* Task directions *
Each line from the one that holds "this 786×442 image." to the end of the entries is to be given again exactly. Do not include pictures.

:: Dataset ::

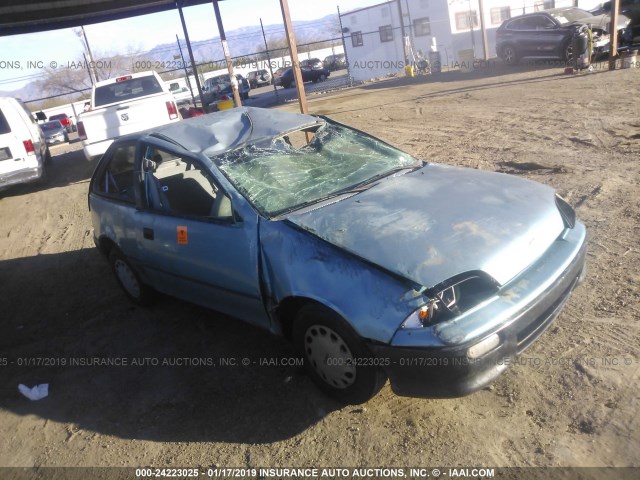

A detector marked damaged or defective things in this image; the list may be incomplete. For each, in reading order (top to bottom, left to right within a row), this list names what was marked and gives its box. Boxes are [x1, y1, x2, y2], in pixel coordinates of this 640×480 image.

crushed car roof [148, 107, 322, 156]
shattered windshield [215, 123, 420, 217]
damaged blue hatchback [89, 107, 584, 404]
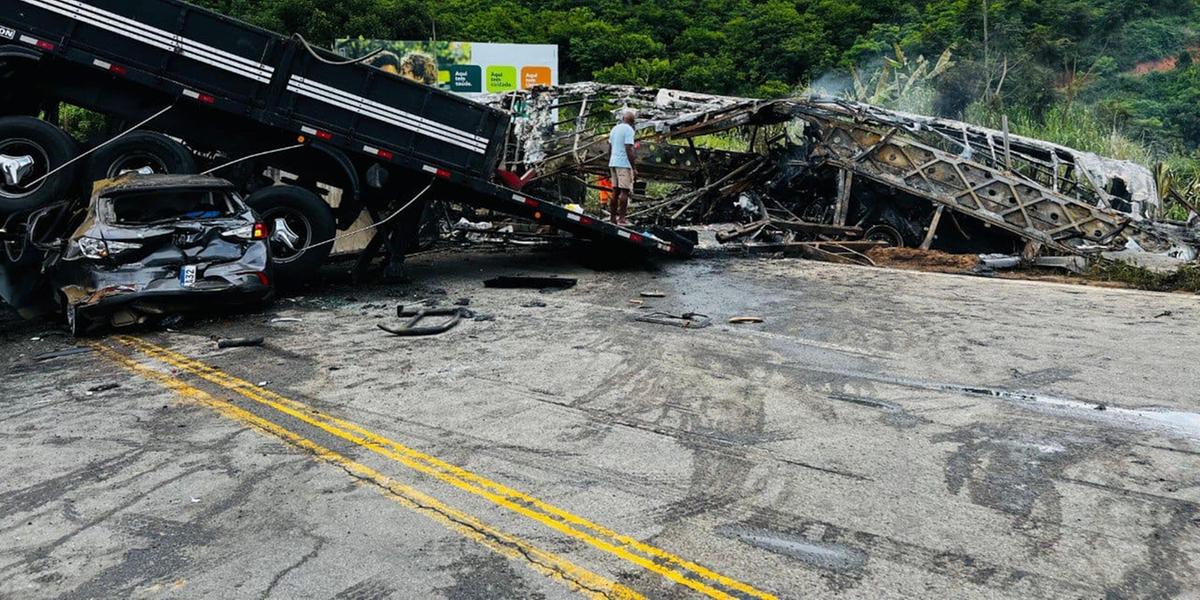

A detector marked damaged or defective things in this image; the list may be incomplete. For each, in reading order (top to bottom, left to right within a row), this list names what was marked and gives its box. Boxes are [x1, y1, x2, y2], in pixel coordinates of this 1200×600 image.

crushed car [1, 173, 274, 336]
overturned truck [488, 83, 1200, 262]
cracked asphalt [2, 246, 1200, 596]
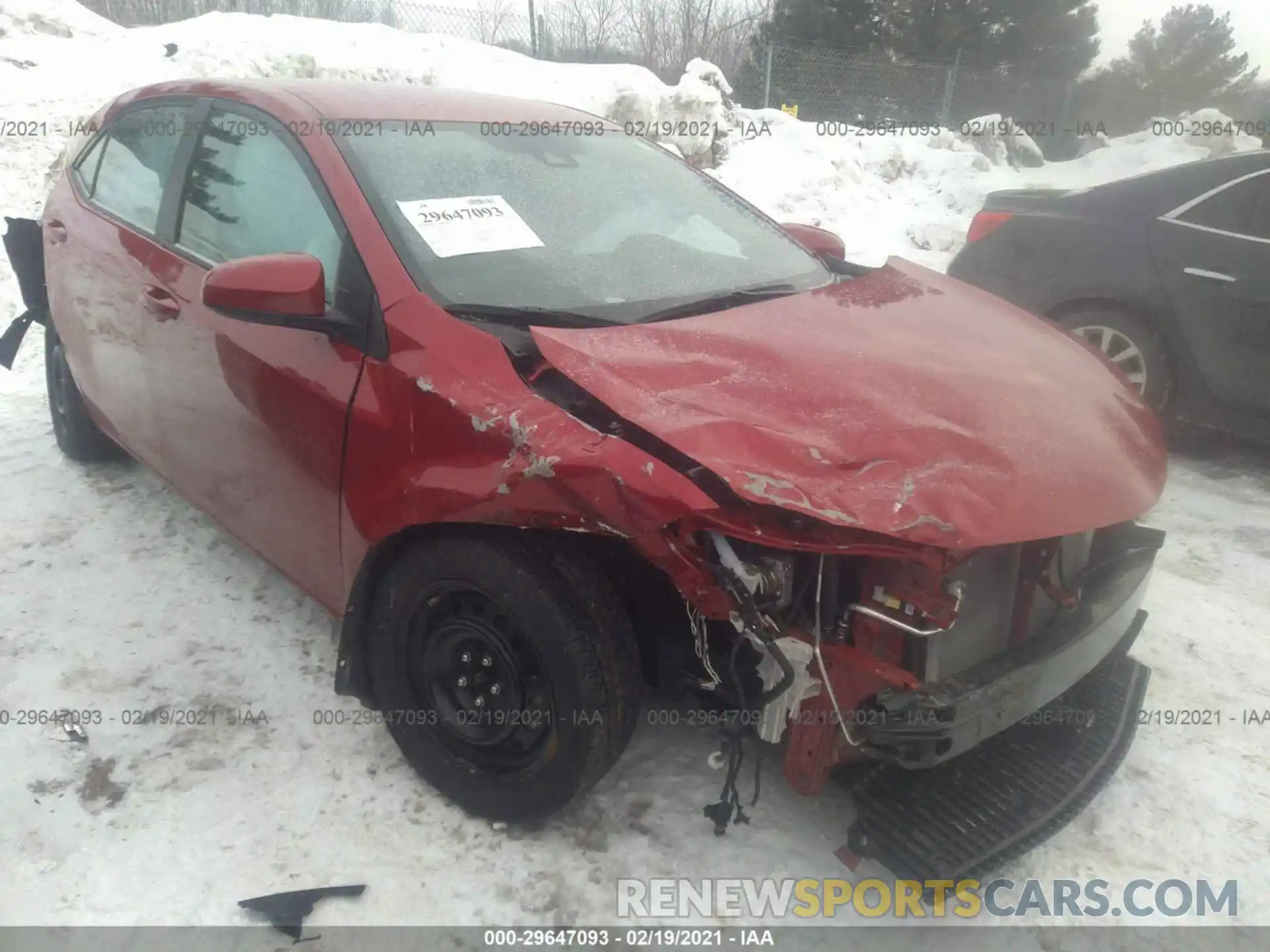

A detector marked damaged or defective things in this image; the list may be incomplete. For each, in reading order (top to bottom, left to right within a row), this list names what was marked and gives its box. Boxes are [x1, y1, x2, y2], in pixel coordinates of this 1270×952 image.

damaged red car [2, 80, 1168, 889]
torn sheet metal [528, 257, 1168, 548]
crumpled hood [528, 261, 1168, 548]
crushed front bumper area [858, 525, 1163, 772]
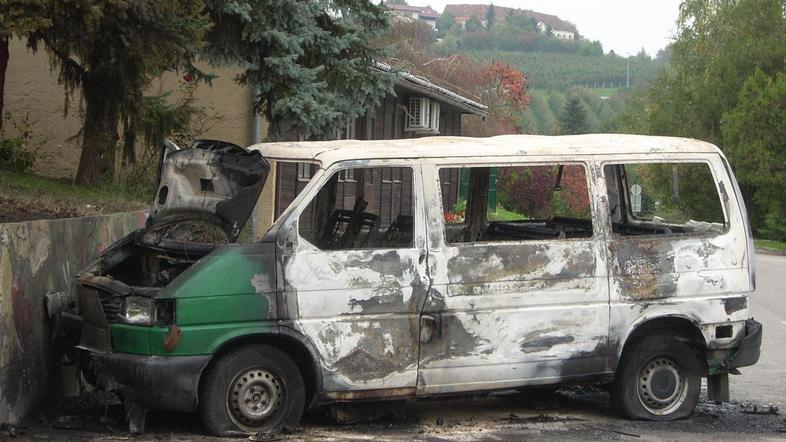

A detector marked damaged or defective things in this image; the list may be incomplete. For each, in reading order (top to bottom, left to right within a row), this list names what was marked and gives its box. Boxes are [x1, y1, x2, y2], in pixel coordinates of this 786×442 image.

charred hood [147, 140, 270, 242]
burned-out van [73, 135, 760, 436]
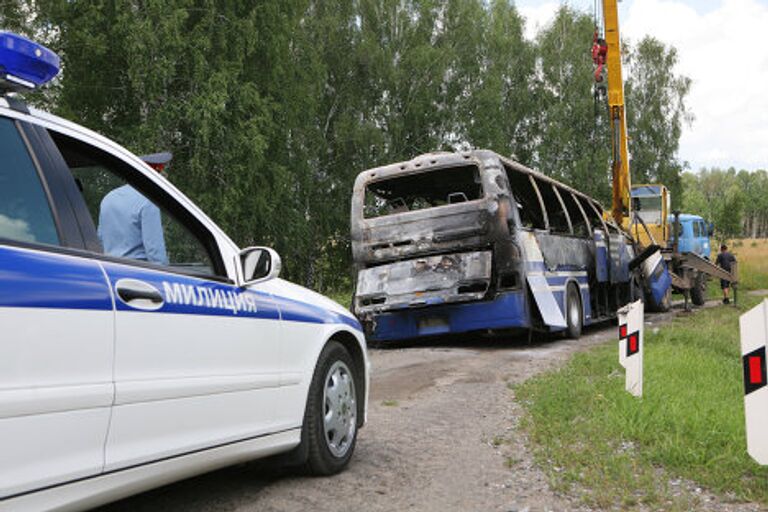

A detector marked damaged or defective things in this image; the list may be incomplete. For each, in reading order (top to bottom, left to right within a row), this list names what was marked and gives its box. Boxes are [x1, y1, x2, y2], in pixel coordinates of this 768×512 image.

burnt bus interior [352, 150, 636, 338]
charred bus body [352, 152, 668, 344]
burned bus [352, 152, 668, 344]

:::

* Answer to this task *
A detector marked damaged or defective things in this image; the list may be incomplete. For each, in reading order (top to bottom, left to right within a row), this list names what was marked and gives its box. Boxes are [x1, y1, x2, y2], in pixel coordinates of this 786×442 image.

charred hood [147, 140, 270, 242]
burned-out van [73, 135, 760, 436]

A detector marked damaged or defective things in this image; the list may be incomplete. For each, in reading order (top to bottom, left to right within a row), this list names what was marked and gives its box. Boxes are [x1, y1, x2, y2], in pixel coordinates of this 768×512 image.

burnt bus interior [352, 150, 636, 338]
charred bus body [352, 152, 668, 344]
burned bus [352, 152, 668, 344]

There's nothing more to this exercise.